Sunday, December 13, 2015

Vulcan's Hammer by Philip K. Dick / The Skynappers by John Brunner (Ace 1960)

The thing about the Lifeline Bookfairs is you never know what you're going to find.  So my heart skipped a beat and I think I gave a little "squee!" of happiness when I visited the bookfair one time and found rows of Ace Doubles spread out on the science fiction table:


CHOOSE - THE DEADLY TRUTH OR THE VITAL LIE!

Vulcan 3 was the supreme head of Unity, the perfect world government that had evolved out of chaos and war.  Vulcan 3 was rational, objective and unbiased ... as only a machine could be!

Theoretically there should have been nothing but peace under such a rule--and for a century or so there was.  Until the crackpots, the superstitious, the religious fanatics found themselves a new leader to follow.

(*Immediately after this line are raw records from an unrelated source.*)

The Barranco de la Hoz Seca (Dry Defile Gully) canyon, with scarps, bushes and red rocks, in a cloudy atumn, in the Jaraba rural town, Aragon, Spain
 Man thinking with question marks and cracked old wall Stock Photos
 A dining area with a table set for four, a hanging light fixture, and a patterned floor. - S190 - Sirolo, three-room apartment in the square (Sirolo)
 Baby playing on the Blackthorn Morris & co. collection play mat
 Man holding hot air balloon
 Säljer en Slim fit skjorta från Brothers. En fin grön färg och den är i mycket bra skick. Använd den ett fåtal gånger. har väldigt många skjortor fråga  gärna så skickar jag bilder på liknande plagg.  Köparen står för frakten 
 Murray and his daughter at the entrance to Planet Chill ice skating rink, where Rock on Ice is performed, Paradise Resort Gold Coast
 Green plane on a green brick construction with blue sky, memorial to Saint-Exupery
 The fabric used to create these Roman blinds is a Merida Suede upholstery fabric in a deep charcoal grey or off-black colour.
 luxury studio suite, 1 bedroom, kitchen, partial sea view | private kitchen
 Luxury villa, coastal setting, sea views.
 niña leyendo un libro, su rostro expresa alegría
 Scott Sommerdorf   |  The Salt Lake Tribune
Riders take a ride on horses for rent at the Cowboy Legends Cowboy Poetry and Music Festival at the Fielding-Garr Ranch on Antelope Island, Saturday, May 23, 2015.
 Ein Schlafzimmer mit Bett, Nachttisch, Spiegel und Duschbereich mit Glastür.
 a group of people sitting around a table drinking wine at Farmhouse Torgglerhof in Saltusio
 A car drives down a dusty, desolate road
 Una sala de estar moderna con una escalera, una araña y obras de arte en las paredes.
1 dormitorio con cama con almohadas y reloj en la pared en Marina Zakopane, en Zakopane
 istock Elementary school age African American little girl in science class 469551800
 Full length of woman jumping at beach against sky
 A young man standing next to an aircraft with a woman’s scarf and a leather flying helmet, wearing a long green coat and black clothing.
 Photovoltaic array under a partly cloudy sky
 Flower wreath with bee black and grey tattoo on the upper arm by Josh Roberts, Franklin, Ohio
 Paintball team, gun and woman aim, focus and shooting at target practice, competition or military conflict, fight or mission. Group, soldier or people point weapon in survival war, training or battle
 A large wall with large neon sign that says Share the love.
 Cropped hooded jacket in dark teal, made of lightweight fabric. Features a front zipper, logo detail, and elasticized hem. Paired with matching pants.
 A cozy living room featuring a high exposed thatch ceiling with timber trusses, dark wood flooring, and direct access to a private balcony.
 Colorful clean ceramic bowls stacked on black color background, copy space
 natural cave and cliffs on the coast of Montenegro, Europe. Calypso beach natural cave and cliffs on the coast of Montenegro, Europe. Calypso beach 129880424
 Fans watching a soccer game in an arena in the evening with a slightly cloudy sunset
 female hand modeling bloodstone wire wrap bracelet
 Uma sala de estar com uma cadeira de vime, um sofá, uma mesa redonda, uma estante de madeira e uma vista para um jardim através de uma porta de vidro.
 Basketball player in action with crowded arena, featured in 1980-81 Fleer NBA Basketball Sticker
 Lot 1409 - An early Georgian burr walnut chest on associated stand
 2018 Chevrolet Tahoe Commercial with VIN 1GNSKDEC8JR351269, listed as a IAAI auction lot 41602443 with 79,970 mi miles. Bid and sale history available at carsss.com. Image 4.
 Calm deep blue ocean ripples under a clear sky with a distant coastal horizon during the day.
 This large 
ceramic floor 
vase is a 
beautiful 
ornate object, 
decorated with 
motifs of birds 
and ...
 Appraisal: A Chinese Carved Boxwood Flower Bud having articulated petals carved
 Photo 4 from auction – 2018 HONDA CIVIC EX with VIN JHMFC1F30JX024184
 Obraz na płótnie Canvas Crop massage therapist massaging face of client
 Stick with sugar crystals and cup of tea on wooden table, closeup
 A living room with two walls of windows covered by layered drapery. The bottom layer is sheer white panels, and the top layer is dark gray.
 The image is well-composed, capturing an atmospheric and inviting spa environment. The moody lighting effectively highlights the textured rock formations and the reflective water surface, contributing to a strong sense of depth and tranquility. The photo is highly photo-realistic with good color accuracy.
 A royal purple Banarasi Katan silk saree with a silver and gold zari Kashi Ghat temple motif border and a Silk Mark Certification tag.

Then the discontent began to explode again.  But this time there was a third side involved, a machine that could not accept any emotional viewpoints.  The people of the world began to realize that they had created a vicious paradox: they had to make peace between themselves or be stamped out by the ever-growing claws of VULCAN's HAMMER.
(Need I point out that you don't strike things with the claws of a hammer?)

 

PAWN OF THE STAR PLOTTERS

When Ivan Wright stepped out of his mountain cabin, rifle in hand, to investigate the sound of a strange helicopter, he stepped right into the middle of a galactic crisis.

For the crew of that odd aircraft were not men such as he'd ever seen before--and when he tried to oppose them, he found himself hurled uncontrollably into oblivion.

He awoke to find himself considered a kidnapped barbarian from a backward planet in a galaxy of advanced civilizations--yet one who somehow held in his own hands the ey to all their futures!
Everyone has heard of Philip K. Dick.  All his books are still in print (even the ones that haven't been made into movies).  So I'm going to write about John Brunner instead...

 In the late 60s and early 70s John Brunner started writing highly regarded, socially and environmentally aware science fiction (Stand on Zanzibar won a Hugo Award, and  The Sheep Look Up and The Jagged Orbit were both nominated for Nebulas).  However I must confess to a decided... affection for the space operas he wrote earlier.  (Many of them were published as Ace Doubles.)   Brunner didn't suddenly start writing well in the late sixties--he honed his skills producing potboilers from the early fifties onward.  So yay! for well-written escapism.  These books are excellent entertainment if you can get your hands on them.